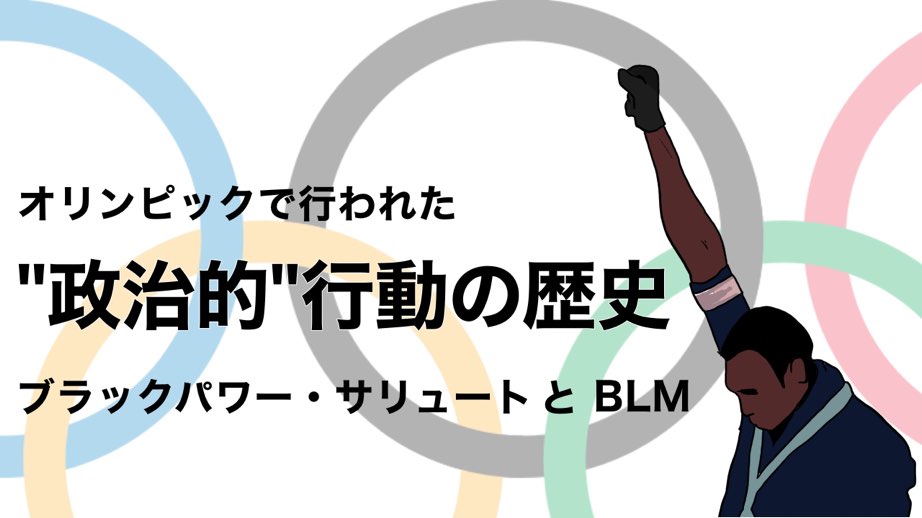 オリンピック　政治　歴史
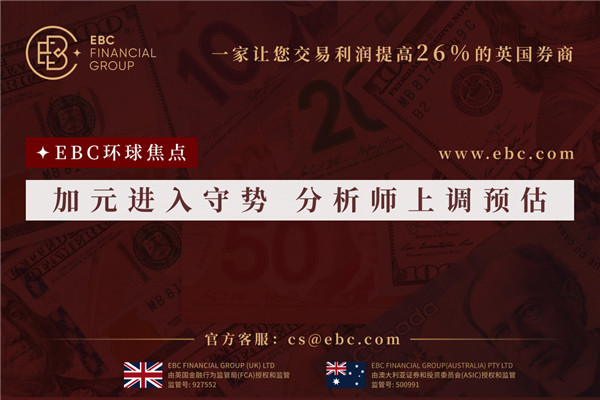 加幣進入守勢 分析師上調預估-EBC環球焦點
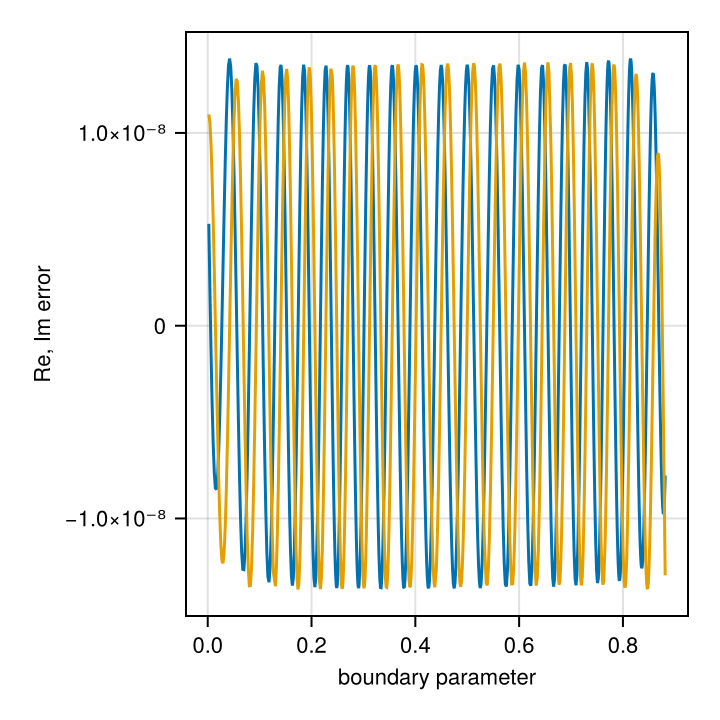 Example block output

* * *

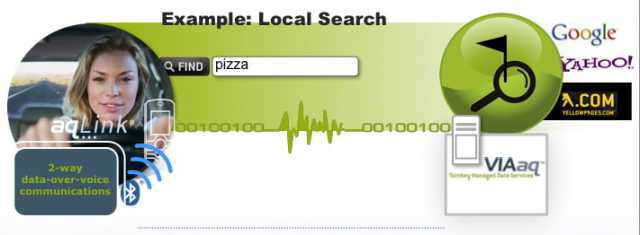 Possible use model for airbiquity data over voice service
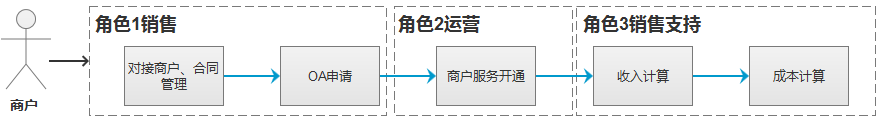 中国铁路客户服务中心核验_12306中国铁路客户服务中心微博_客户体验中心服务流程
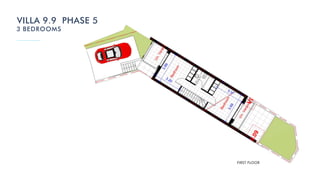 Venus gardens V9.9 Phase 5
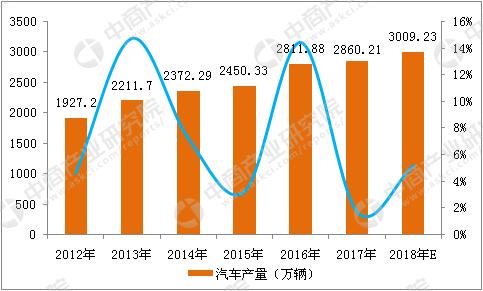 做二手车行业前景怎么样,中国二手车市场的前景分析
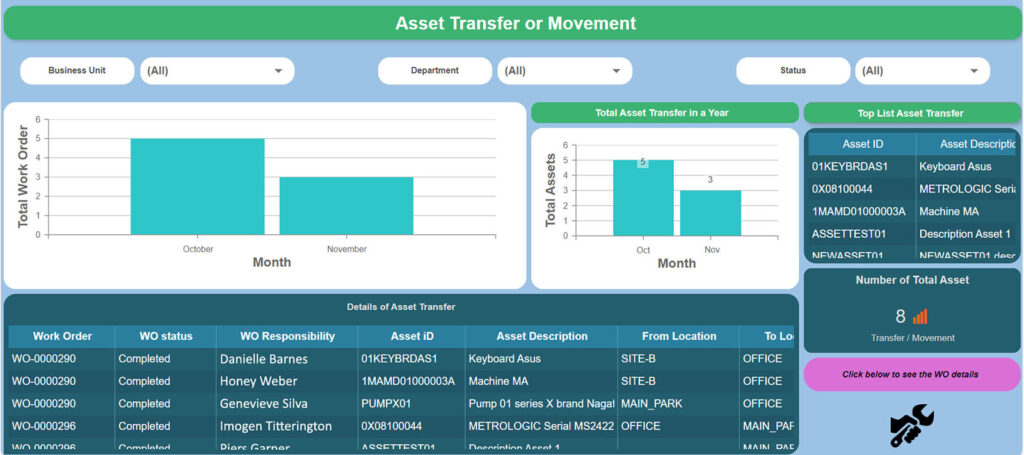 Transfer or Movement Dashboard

Task details:
Copy the lines above exactly, starting at the one with "Venus gardens V9.9 Phase 5" and ending at the one with "Transfer or Movement Dashboard", both included. Leave out any pictures and add nothing else.

Expected answer:
 Venus gardens V9.9 Phase 5
 做二手车行业前景怎么样,中国二手车市场的前景分析
 Transfer or Movement Dashboard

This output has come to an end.